Elle ne fait naturellement pas l’unanimité au pays de Félix Houphouët-Boigny où « la paix, ce n’est pas un vain mot, c’est un comportement ». Si certains applaudissent cette démarche, d’autres condamnent la « politisation de l’église ».
Pourtant, l’église catholique est bel et bien dans son rôle d’interpellation, de prévention et d’anticipation. C’est convaincu de cette mission prophétique et évangélique qu’au lendemain de sa prise du pouvoir, Alassane Ouattara a tout fait pour être reçu, le 16 novembre 2012 au Vatican, par le pape Benoît XVI (photo). « Je suis venu prendre votre bénédiction et vos conseils », déclarait-il au Souverain pontife.
Et face à l’orage qui gronde à nouveau, aux nuages qui s’amoncellent à l’horizon à la veille de la présidentielle d’octobre 2020, l’église catholique, qui a écouté cette prière, est en première ligne et a rompu avec la langue de bois.
Le 22 juin 2019 à Agboville déjà, la conférence des archevêques et évêques tirait la sonnette d’alarme à travers cet appel:
« Évitez-nous une autre guerre ».
Et c’est parce que cet appel n’est pas entendu que Mgr Jean-Pierre Cardinal Kutwa, archevêque métropolitain d’Abidjan, a autorisé une « marche priante » baptisée « Allons à la paix » à Abidjan, provoquant un incompréhensible choc émotionnel.
Cette grande première aura lieu le 15 février 2020 dans le quartier des affaires du Plateau. Pour « sensibiliser à la paix et prier pour des élections apaisées en Côte d’Ivoire ».
La tension ne cesse, en effet, de monter entre le pouvoir et l’opposition.
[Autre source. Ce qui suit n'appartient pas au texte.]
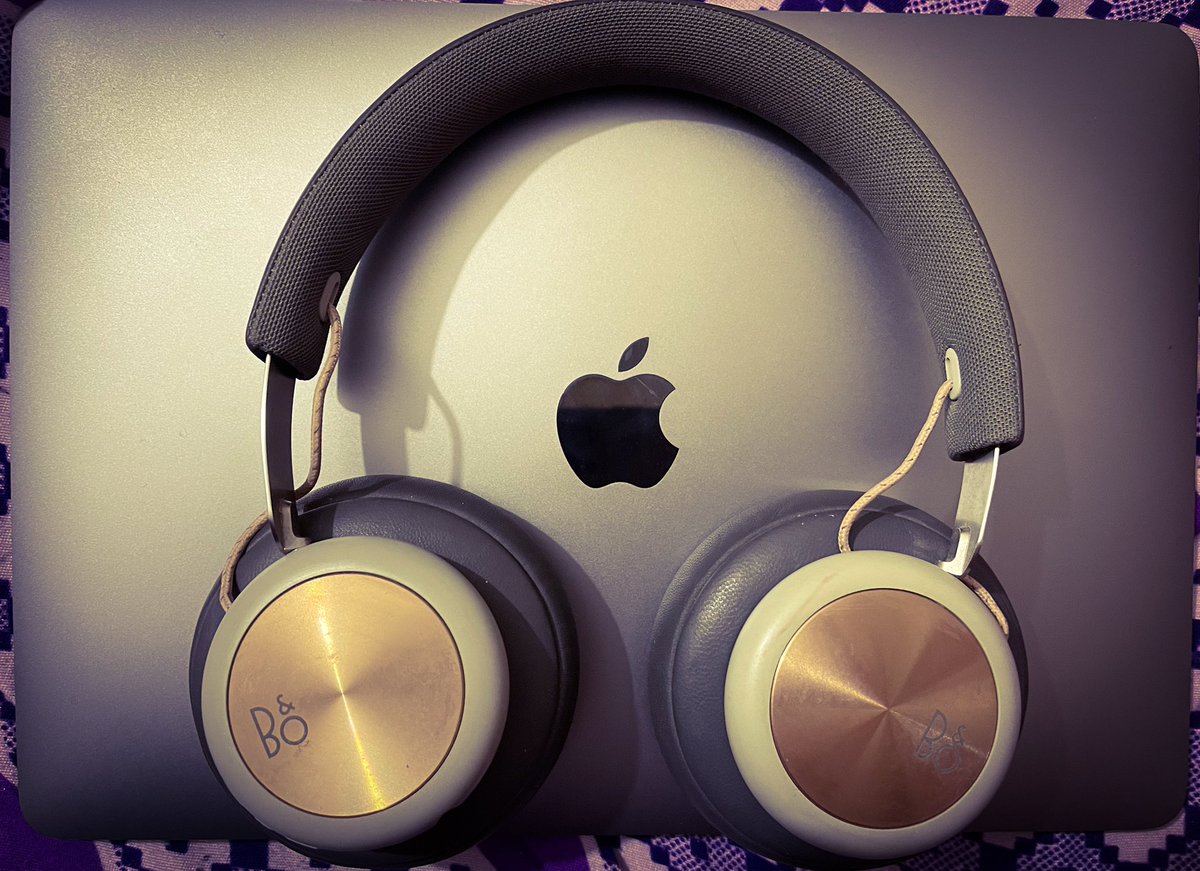 CookiteasyRecip's tweet photo. #photography #macbook #headphone #cookiteasyrecipes https://t.co/N6aP5FWxK7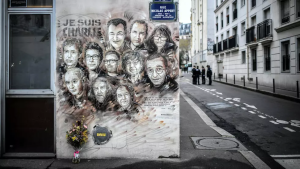 Juicio en París por atentado contra Charlie Hebdo en 2015 es aplazado de nuevo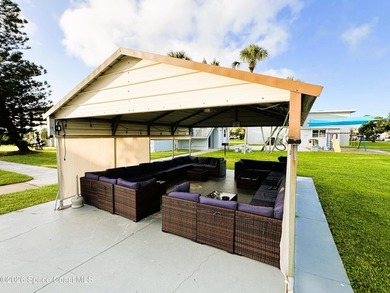 Island Living Just 5 Minutes To The Beach. A much sought after - photo 24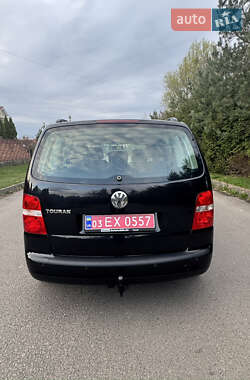 Мінівен Volkswagen Touran 2005 в 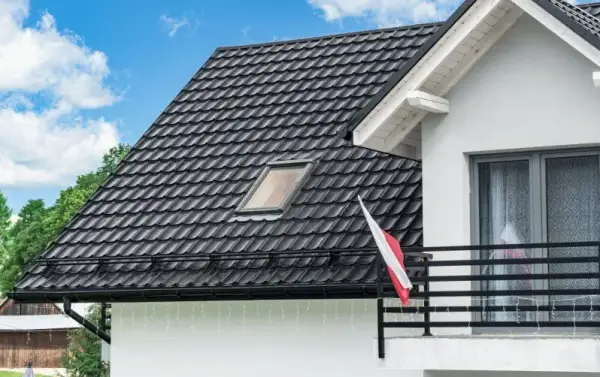 Jak ocieplić stary dach z dachówki: Skuteczne metody i materiały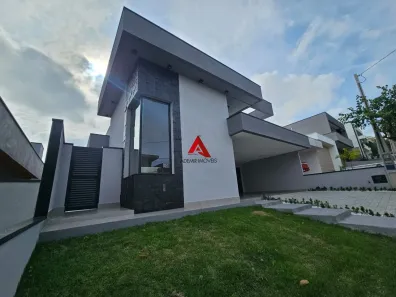 Casa de Condomínio com 3 Quartos à venda, 178m² no Bairro do Grama, Caçapava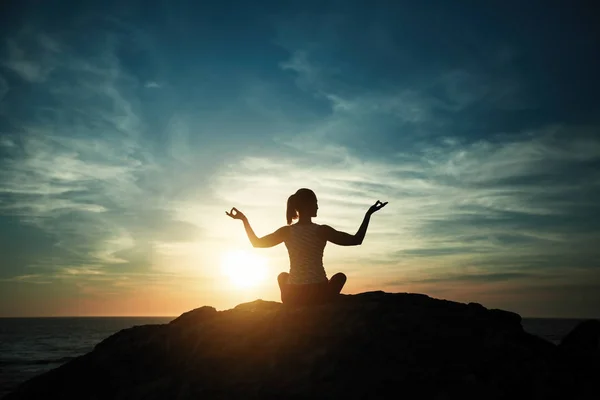 Silhuett Yoga Kvinna Sitter Lotus Position Havet Stranden Solnedgången — Stockfoto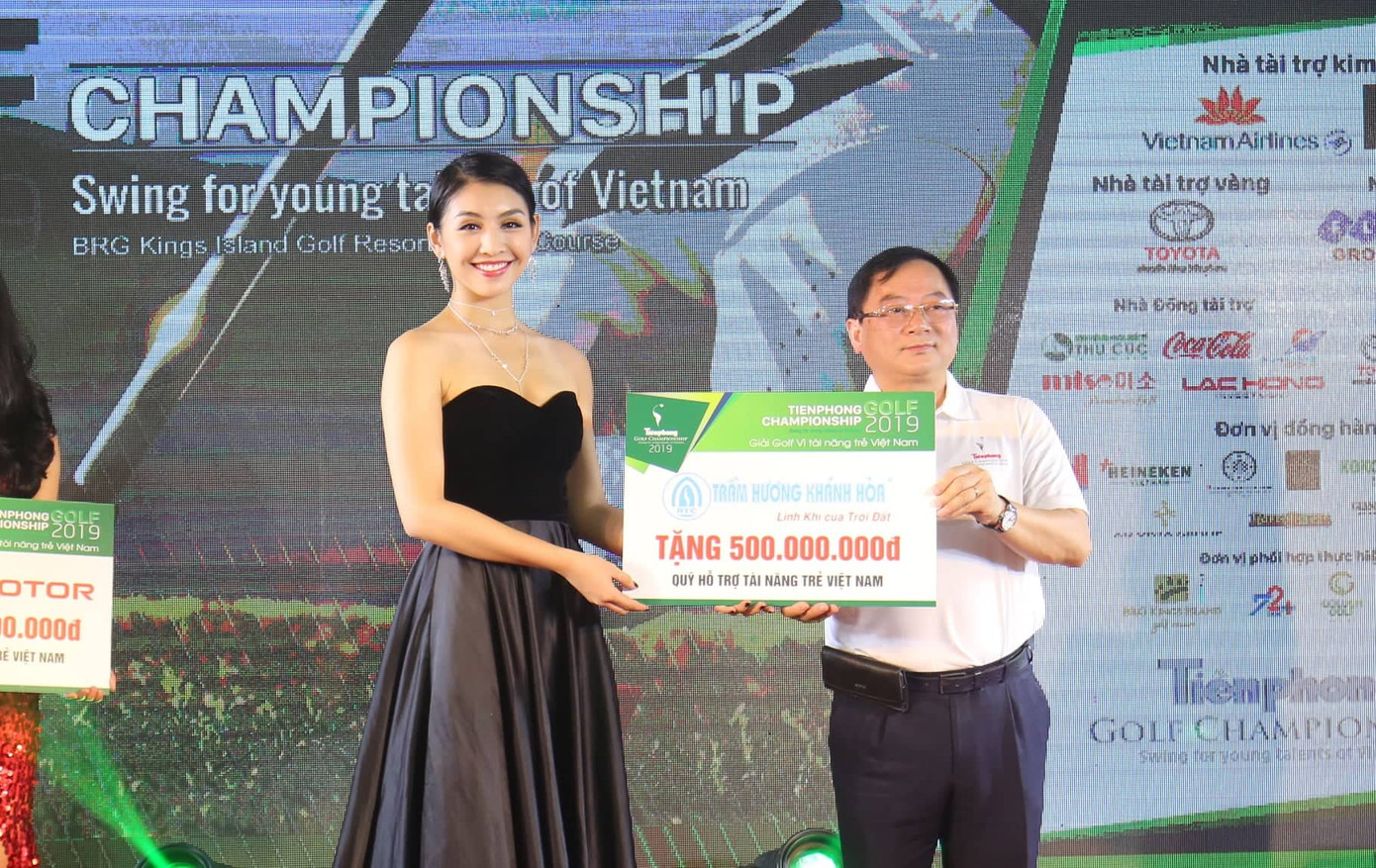 Toàn cảnh Gala trao giải Tiền Phong Golf Championship 2019 ảnh 9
Et, malgré l’appel de Mgr Kutwa, le 30 décembre 2019 en faveur de la paix, le bras de fer ne fait que s’exacerber avec la volonté du chef de l’État de modifier la Constitution, les procédures judiciaires aussi bien à Abidjan qu’à Paris, les arrestations et condamnations d’opposants et les contestations des règles du jeu électoral.
Aussi, la conférence des archevêques et évêques a-t-elle encore mis le pied dans le plat à l’issue de sa 114è assemblée plénière (14-19 janvier 2020) à Korhogo. Elle s’est appuyée sur le message du pape François, le 12 décembre 2019, pour la 53è journée mondiale de la paix et intitulé « La paix, un chemin d’espérance: dialogue, réconciliation et conversion écologique ».
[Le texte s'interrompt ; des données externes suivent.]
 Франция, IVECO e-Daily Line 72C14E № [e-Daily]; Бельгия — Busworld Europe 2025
Et comme, selon le pape François, « on n’obtient pas la paix si on ne l’espère pas », les évêques ivoiriens ont, par conséquent, demandé « aux gouvernants, aux citoyens et à tous ceux qui sont épris de justice et de paix » de se mobiliser « pour des élections transparentes, justes et ouvertes en vue de la réconciliation et de la paix ».
L’heure apparaît grave dans un pays où l’église catholique à travers la communauté Sant’Egidio est activement et discrètement intervenue en 2010-2011 durant la crise post-électorale.
Et le pape François met alors en garde tous les pyromanes de tous bords par ce conseil pontifical: « Le monde n’a pas besoin de paroles creuses mais de témoins convaincus, d’artisans de paix ouverts au dialogue sans exclusion ni manipulation ».